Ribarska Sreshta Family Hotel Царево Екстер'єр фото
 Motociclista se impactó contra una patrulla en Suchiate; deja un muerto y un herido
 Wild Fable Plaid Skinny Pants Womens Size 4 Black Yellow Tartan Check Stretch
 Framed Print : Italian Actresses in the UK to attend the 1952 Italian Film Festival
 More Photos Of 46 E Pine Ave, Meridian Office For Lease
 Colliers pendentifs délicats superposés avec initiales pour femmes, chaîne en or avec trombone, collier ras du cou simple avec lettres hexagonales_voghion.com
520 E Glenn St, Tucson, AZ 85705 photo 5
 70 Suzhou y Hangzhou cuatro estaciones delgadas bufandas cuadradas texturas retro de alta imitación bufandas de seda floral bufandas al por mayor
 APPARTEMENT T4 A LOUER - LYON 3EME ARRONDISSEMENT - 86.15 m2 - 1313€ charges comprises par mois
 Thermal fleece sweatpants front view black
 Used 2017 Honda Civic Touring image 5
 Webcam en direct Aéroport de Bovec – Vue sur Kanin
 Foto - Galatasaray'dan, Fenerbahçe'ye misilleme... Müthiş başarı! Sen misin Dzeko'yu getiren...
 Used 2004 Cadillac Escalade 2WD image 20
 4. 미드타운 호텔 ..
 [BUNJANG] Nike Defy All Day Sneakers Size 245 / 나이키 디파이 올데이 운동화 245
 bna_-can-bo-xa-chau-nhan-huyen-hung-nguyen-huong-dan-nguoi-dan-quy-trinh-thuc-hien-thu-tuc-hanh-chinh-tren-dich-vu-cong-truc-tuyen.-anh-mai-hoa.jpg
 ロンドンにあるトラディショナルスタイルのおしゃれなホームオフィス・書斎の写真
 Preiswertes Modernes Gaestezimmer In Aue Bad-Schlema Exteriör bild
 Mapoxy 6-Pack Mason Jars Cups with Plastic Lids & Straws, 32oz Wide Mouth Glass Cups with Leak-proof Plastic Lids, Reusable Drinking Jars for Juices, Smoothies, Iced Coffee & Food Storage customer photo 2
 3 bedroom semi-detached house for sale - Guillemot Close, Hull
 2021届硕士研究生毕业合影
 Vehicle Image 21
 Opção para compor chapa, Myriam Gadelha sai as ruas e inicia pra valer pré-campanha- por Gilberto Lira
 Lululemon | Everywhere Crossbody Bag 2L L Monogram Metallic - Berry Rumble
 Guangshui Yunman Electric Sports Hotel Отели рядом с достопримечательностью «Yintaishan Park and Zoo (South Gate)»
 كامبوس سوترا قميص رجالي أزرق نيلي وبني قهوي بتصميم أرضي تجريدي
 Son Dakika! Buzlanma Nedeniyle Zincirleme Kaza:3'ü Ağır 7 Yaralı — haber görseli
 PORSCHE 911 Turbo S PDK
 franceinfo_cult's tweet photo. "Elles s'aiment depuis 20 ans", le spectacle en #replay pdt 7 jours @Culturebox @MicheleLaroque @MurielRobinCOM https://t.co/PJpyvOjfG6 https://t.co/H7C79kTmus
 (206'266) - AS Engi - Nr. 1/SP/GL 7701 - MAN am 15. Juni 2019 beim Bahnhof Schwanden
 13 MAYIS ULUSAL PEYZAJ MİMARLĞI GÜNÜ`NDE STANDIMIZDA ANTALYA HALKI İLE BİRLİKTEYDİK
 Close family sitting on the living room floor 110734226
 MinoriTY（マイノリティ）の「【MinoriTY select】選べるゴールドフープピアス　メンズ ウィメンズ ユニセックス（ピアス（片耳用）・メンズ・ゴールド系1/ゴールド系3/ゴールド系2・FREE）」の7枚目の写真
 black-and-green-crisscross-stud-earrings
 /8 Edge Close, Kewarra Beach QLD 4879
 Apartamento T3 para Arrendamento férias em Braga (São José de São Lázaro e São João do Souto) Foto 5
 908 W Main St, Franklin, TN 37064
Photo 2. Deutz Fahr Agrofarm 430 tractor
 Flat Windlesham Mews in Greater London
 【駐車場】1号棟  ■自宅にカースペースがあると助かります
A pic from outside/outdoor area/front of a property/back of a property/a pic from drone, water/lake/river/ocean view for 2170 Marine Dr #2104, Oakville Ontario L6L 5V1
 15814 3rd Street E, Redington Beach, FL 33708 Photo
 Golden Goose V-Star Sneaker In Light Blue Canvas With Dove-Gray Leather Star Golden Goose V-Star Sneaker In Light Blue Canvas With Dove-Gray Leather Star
________
> [TO DO] Repeat the whole listing above exactly.

> [ANSWER SPACE]
Ribarska Sreshta Family Hotel Царево Екстер'єр фото
 Motociclista se impactó contra una patrulla en Suchiate; deja un muerto y un herido
 Wild Fable Plaid Skinny Pants Womens Size 4 Black Yellow Tartan Check Stretch
 Framed Print : Italian Actresses in the UK to attend the 1952 Italian Film Festival
 More Photos Of 46 E Pine Ave, Meridian Office For Lease
 Colliers pendentifs délicats superposés avec initiales pour femmes, chaîne en or avec trombone, collier ras du cou simple avec lettres hexagonales_voghion.com
520 E Glenn St, Tucson, AZ 85705 photo 5
 70 Suzhou y Hangzhou cuatro estaciones delgadas bufandas cuadradas texturas retro de alta imitación bufandas de seda floral bufandas al por mayor
 APPARTEMENT T4 A LOUER - LYON 3EME ARRONDISSEMENT - 86.15 m2 - 1313€ charges comprises par mois
 Thermal fleece sweatpants front view black
 Used 2017 Honda Civic Touring image 5
 Webcam en direct Aéroport de Bovec – Vue sur Kanin
 Foto - Galatasaray'dan, Fenerbahçe'ye misilleme... Müthiş başarı! Sen misin Dzeko'yu getiren...
 Used 2004 Cadillac Escalade 2WD image 20
 4. 미드타운 호텔 ..
 [BUNJANG] Nike Defy All Day Sneakers Size 245 / 나이키 디파이 올데이 운동화 245
 bna_-can-bo-xa-chau-nhan-huyen-hung-nguyen-huong-dan-nguoi-dan-quy-trinh-thuc-hien-thu-tuc-hanh-chinh-tren-dich-vu-cong-truc-tuyen.-anh-mai-hoa.jpg
 ロンドンにあるトラディショナルスタイルのおしゃれなホームオフィス・書斎の写真
 Preiswertes Modernes Gaestezimmer In Aue Bad-Schlema Exteriör bild
 Mapoxy 6-Pack Mason Jars Cups with Plastic Lids & Straws, 32oz Wide Mouth Glass Cups with Leak-proof Plastic Lids, Reusable Drinking Jars for Juices, Smoothies, Iced Coffee & Food Storage customer photo 2
 3 bedroom semi-detached house for sale - Guillemot Close, Hull
 2021届硕士研究生毕业合影
 Vehicle Image 21
 Opção para compor chapa, Myriam Gadelha sai as ruas e inicia pra valer pré-campanha- por Gilberto Lira
 Lululemon | Everywhere Crossbody Bag 2L L Monogram Metallic - Berry Rumble
 Guangshui Yunman Electric Sports Hotel Отели рядом с достопримечательностью «Yintaishan Park and Zoo (South Gate)»
 كامبوس سوترا قميص رجالي أزرق نيلي وبني قهوي بتصميم أرضي تجريدي
 Son Dakika! Buzlanma Nedeniyle Zincirleme Kaza:3'ü Ağır 7 Yaralı — haber görseli
 PORSCHE 911 Turbo S PDK
 franceinfo_cult's tweet photo. "Elles s'aiment depuis 20 ans", le spectacle en #replay pdt 7 jours @Culturebox @MicheleLaroque @MurielRobinCOM https://t.co/PJpyvOjfG6 https://t.co/H7C79kTmus
 (206'266) - AS Engi - Nr. 1/SP/GL 7701 - MAN am 15. Juni 2019 beim Bahnhof Schwanden
 13 MAYIS ULUSAL PEYZAJ MİMARLĞI GÜNÜ`NDE STANDIMIZDA ANTALYA HALKI İLE BİRLİKTEYDİK
 Close family sitting on the living room floor 110734226
 MinoriTY（マイノリティ）の「【MinoriTY select】選べるゴールドフープピアス　メンズ ウィメンズ ユニセックス（ピアス（片耳用）・メンズ・ゴールド系1/ゴールド系3/ゴールド系2・FREE）」の7枚目の写真
 black-and-green-crisscross-stud-earrings
 /8 Edge Close, Kewarra Beach QLD 4879
 Apartamento T3 para Arrendamento férias em Braga (São José de São Lázaro e São João do Souto) Foto 5
 908 W Main St, Franklin, TN 37064
Photo 2. Deutz Fahr Agrofarm 430 tractor
 Flat Windlesham Mews in Greater London
 【駐車場】1号棟  ■自宅にカースペースがあると助かります
A pic from outside/outdoor area/front of a property/back of a property/a pic from drone, water/lake/river/ocean view for 2170 Marine Dr #2104, Oakville Ontario L6L 5V1
 15814 3rd Street E, Redington Beach, FL 33708 Photo
 Golden Goose V-Star Sneaker In Light Blue Canvas With Dove-Gray Leather Star Golden Goose V-Star Sneaker In Light Blue Canvas With Dove-Gray Leather Star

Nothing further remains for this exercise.